DESCRIPTION OF THE TASK:
All records below are to be set down precisely as written, excluding pictures.

RECORDS PROVIDED:
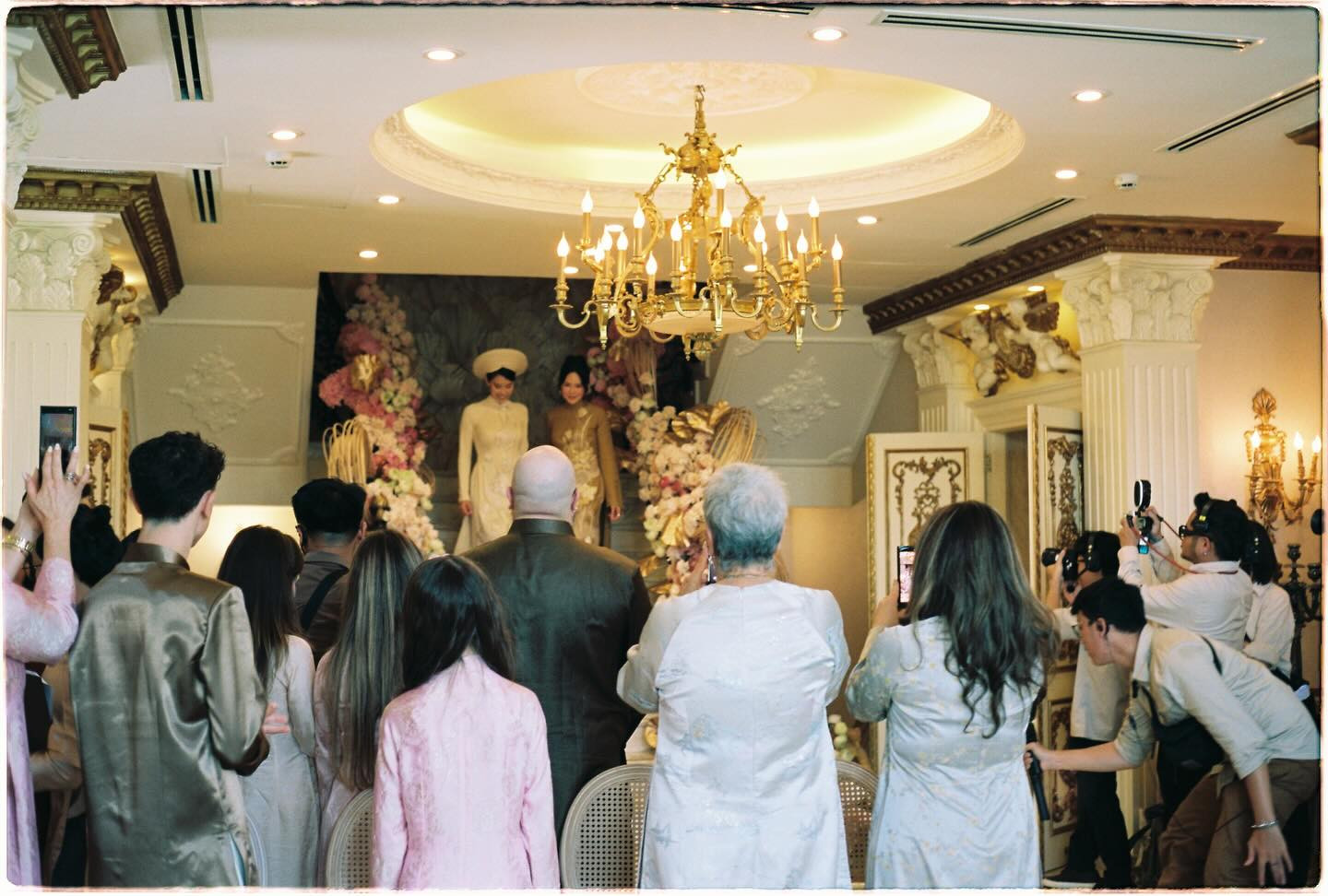 Ảnh cận lễ gia tiên truyền thống của con gái tỷ phú Johnathan Hạnh Nguyễn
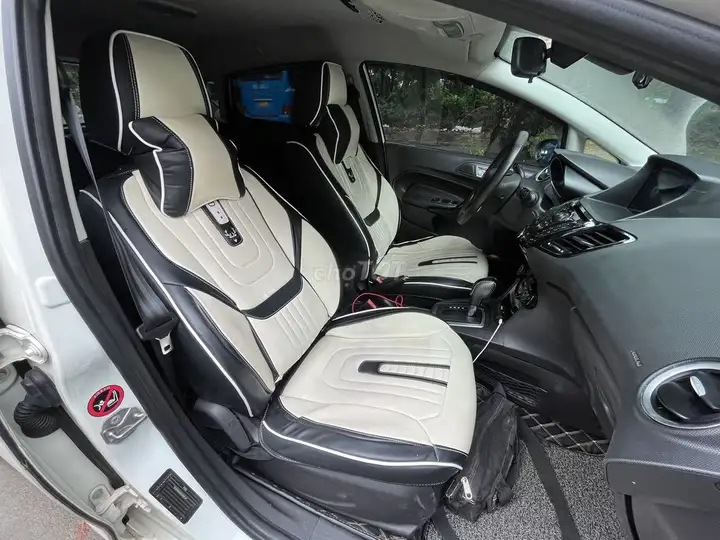 Ford Fiesta хэтчбек 2016 1.0 полная комплектация белый
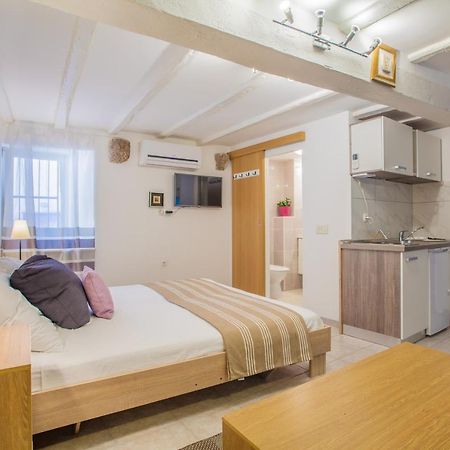 Honey Art Apartment Cres Εξωτερικό φωτογραφία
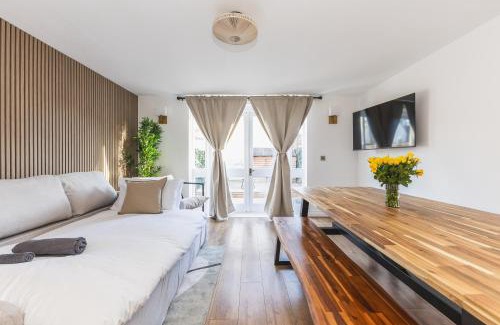 Stratford Casa | Arte Stays Serviced Houses Stratford - 3 Bedrooms 2 Bathrooms Houses London, Stratford, Maryland, Free Parking, Garden, Weekly or Monthly Stays - up to 8 guests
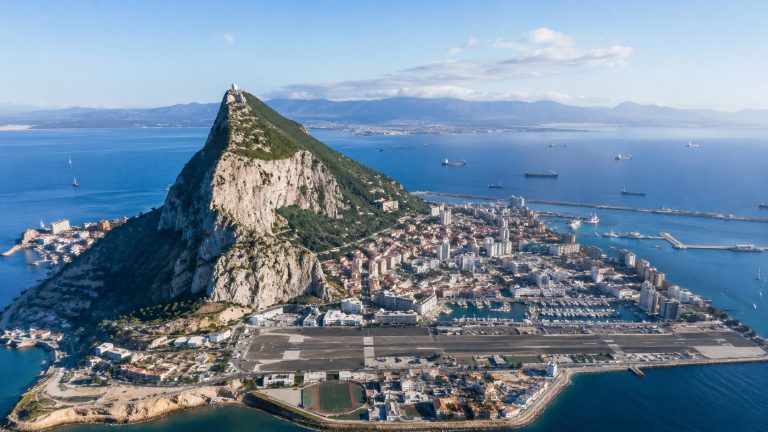 Noul acord post-Brexit privind Gibraltar. Investitorii stau cu ochii pe piața imobiliară Noul acord post-Brexit privind Gibraltar. Investitorii stau cu ochii pe piața imobiliară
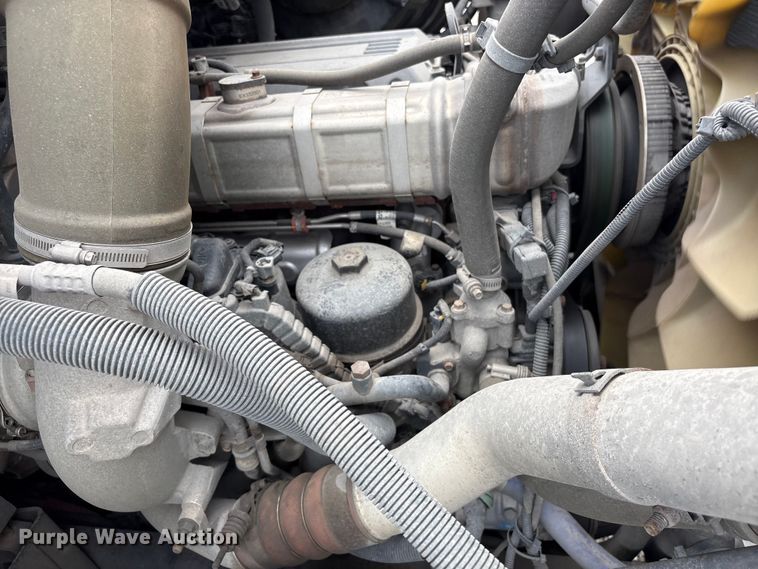 image for item YA4025 2018 International 7600 sewer jetter truck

RESULT OF THIS EXERCISE:
 Ảnh cận lễ gia tiên truyền thống của con gái tỷ phú Johnathan Hạnh Nguyễn
 Ford Fiesta хэтчбек 2016 1.0 полная комплектация белый
 Honey Art Apartment Cres Εξωτερικό φωτογραφία
 Stratford Casa | Arte Stays Serviced Houses Stratford - 3 Bedrooms 2 Bathrooms Houses London, Stratford, Maryland, Free Parking, Garden, Weekly or Monthly Stays - up to 8 guests
 Noul acord post-Brexit privind Gibraltar. Investitorii stau cu ochii pe piața imobiliară Noul acord post-Brexit privind Gibraltar. Investitorii stau cu ochii pe piața imobiliară
 image for item YA4025 2018 International 7600 sewer jetter truck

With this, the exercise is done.